Northern Sky Research

Capping One’s Opex-tations

Oct 26th, 2016 by Blaine Curcio   More from this Analyst | Profile

The balancing act currently being undertaken by satellite operators and other industry players involves launching more capacity, entering new markets, migrating customers to different frequency bands, and in some instances doing all this while managing a pile of debt. While NSR has discussed previously the evolution of CAPEX and OPEX in this new market dynamic, our Satellite Operator Financial Analysis, 6th Edition covers this discussion in more depth.

The first major takeaway from this discussion is a trend apparent for some time now—GEO-HTS is, from a raw CAPEX per Mbps perspective, quite a bit cheaper than GEO-FSS. With CAPEX increasing by a factor of <2, operators have seen throughput increase by up to, or exceeding, 10 times. As the chart below shows, even using fairly conservative figures for capacity, GEO-HTS sees its CAPEX cost per Mbps falling by over 70% compared to GEO-FSS. While the capacity is sometimes not a “one-for-one” conversion—that is, the spot-beam nature of GEO-HTS Ka-band capacity, for instance, makes it more difficult to achieve a very high fill rate—it is nonetheless clear that there are, from a CAPEX perspective, some significant advantages in launching GEO-HTS as compared to GEO-FSS capacity, with satellites of many times the size being launched for 1-2 times the cost. However, when taking into account metrics such as EBITDA, the situation becomes somewhat murkier.

          

EBITDA in GEO-HTS: The Thaicom Example

The EBITDA environment for GEO-HTS is somewhat more difficult to quantify, given the lack of data, the lack of GEO-HTS systems that have truly become “established”, and the fact that EBITDA is oftentimes harder to pinpoint/assign to a particular function than CAPEX. With that being said, there does exist some data that, when coupled with assumptions, can provide insights as to the EBITDA per Mbps equation in GEO-HTS as compared to GEO-FSS. Having launched IPSTAR in 2005, Thaicom is in possession of what many would consider an “advanced” GEO-HTS business model, in the sense that it has now had a decade to become established and build a customer base. Likewise, Thaicom does publically report figures such as top-line satellite revenues/EBITDA, IPSTAR revenues, and conventional satellite revenues.

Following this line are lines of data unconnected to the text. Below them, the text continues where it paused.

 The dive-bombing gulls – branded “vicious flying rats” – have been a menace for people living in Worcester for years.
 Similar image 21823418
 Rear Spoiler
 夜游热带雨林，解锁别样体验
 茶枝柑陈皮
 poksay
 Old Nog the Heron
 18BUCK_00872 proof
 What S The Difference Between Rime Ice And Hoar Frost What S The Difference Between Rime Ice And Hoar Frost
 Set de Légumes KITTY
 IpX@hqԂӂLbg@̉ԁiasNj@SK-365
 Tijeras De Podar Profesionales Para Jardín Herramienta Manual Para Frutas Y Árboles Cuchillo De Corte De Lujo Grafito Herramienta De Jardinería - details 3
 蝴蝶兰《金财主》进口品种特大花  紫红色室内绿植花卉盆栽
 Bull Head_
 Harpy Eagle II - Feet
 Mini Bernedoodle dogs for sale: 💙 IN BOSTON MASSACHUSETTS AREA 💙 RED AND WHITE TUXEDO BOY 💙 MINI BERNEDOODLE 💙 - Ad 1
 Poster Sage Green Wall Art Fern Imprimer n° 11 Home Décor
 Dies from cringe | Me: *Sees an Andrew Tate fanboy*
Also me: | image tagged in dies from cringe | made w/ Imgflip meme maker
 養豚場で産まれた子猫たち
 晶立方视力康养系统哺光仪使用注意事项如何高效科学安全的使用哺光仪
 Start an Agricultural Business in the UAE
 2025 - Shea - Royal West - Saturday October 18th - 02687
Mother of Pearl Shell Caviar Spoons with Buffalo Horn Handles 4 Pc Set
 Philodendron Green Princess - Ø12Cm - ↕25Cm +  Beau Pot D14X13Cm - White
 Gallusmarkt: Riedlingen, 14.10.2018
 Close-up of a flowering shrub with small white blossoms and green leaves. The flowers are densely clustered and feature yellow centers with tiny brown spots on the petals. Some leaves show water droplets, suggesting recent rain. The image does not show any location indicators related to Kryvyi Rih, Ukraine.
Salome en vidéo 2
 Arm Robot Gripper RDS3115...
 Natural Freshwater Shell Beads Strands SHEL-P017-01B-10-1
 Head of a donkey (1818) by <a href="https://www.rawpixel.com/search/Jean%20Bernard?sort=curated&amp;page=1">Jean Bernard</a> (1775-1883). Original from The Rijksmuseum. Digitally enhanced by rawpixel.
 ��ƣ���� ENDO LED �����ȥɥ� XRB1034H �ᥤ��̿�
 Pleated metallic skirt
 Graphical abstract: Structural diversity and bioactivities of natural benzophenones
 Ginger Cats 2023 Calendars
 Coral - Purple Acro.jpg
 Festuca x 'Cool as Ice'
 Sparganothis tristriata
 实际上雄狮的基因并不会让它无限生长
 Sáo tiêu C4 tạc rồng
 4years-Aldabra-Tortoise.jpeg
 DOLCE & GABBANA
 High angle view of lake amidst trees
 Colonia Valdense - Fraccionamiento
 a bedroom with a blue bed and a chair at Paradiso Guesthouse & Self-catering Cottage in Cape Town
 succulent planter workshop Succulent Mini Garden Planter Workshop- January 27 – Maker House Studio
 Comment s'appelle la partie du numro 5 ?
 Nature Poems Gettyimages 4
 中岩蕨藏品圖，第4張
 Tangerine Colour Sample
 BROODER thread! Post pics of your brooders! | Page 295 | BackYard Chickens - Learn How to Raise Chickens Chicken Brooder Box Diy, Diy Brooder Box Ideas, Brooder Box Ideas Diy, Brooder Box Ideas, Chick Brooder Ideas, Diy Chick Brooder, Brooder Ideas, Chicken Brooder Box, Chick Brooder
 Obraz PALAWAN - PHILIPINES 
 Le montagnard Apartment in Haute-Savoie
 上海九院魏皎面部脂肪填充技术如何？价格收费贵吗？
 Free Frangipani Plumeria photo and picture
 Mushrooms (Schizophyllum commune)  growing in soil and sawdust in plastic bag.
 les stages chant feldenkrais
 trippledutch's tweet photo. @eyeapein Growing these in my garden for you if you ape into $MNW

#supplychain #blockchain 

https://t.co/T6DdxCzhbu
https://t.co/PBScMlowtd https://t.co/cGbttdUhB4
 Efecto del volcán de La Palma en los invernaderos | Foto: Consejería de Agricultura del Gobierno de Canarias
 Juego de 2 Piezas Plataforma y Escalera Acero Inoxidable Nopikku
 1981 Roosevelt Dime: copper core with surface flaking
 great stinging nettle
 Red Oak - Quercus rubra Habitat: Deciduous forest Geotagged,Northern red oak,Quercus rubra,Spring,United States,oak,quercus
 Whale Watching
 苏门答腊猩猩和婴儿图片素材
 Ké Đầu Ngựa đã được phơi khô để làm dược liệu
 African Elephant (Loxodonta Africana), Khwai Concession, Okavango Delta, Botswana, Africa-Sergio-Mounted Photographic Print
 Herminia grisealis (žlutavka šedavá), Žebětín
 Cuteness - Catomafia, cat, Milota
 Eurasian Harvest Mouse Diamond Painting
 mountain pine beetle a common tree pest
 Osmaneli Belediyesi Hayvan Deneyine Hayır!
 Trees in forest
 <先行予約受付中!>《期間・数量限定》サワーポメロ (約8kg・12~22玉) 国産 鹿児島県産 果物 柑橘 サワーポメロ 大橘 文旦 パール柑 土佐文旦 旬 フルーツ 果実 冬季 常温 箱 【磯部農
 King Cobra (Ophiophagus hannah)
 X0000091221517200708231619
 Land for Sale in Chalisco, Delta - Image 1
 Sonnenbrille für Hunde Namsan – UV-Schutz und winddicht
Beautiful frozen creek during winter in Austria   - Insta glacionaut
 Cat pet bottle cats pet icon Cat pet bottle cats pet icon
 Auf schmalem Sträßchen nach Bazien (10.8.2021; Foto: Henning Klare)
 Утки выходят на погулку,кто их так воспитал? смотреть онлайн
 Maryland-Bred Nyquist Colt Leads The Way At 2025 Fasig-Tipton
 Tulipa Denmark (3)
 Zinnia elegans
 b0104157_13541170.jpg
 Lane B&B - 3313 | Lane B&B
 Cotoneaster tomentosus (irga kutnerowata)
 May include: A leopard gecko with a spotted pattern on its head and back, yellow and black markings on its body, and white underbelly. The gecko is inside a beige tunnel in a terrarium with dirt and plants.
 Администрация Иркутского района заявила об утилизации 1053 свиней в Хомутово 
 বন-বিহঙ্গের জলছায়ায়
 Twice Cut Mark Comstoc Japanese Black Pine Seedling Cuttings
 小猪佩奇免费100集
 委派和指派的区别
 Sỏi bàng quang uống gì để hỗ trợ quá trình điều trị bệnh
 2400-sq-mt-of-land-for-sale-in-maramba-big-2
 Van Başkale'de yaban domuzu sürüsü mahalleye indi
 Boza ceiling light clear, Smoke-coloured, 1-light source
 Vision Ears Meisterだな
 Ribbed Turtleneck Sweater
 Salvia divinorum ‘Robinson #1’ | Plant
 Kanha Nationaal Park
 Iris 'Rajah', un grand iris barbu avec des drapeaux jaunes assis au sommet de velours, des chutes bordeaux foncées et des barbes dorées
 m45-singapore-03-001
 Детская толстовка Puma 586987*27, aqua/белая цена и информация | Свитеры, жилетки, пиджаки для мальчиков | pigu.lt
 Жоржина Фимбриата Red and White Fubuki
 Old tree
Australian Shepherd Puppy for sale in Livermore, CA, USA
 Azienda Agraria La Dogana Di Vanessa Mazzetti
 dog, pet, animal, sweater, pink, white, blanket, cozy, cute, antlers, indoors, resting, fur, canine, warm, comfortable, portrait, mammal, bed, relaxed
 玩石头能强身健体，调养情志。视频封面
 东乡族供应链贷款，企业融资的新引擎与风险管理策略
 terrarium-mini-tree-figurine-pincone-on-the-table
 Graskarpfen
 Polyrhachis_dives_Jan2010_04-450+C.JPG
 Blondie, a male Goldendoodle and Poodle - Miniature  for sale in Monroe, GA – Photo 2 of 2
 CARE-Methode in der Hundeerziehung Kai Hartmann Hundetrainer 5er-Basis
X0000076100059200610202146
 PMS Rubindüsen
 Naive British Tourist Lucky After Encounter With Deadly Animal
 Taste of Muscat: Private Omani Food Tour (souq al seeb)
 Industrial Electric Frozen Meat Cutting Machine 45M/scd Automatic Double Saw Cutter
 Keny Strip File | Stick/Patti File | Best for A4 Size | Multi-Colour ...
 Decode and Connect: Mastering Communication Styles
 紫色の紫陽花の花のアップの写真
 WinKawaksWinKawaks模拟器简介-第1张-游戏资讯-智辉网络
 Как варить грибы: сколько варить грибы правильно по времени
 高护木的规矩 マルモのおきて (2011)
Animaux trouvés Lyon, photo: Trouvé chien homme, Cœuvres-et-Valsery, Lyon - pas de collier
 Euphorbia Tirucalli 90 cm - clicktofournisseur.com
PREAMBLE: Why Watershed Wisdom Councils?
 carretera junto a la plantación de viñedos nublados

When taking the above data and making assumptions for EBITDA margin for Thaicom’s raw satellite leasing arm (conventional satellite), we can make assumptions for EBITDA, and subsequent EBITDA contribution per Mbps leased for both GEO-HTS and GEO-FSS satellite capacity.

*NSR Estimate                                                                                                                                   Source NSR

When looking at the numbers in this way, we see that the average leased Mbps of traditional FSS capacity in 2015 contributed around $21,600 in EBITDA over the course of a year. Conversely, when looking at capacity leased on IPSTAR, NSR sees an EBITDA per Mbps of around $2,200 for 2015, a figure that was down somewhat from 2014 due to Thaicom having increased IPSTAR capacity leased during that time by ~20%. When looking at these two figures, one might be surprised at the stark differences—i.e. FSS being higher by a factor of 10—but it is important to consider that this includes Thaicom’s video contracts (which would be generally witness a higher per Mbps/MHz price), and that in general, applications on GEO-HTS will tend to see higher bits per hertz conversion ratios, which means that in per MHz terms, the difference is somewhat less.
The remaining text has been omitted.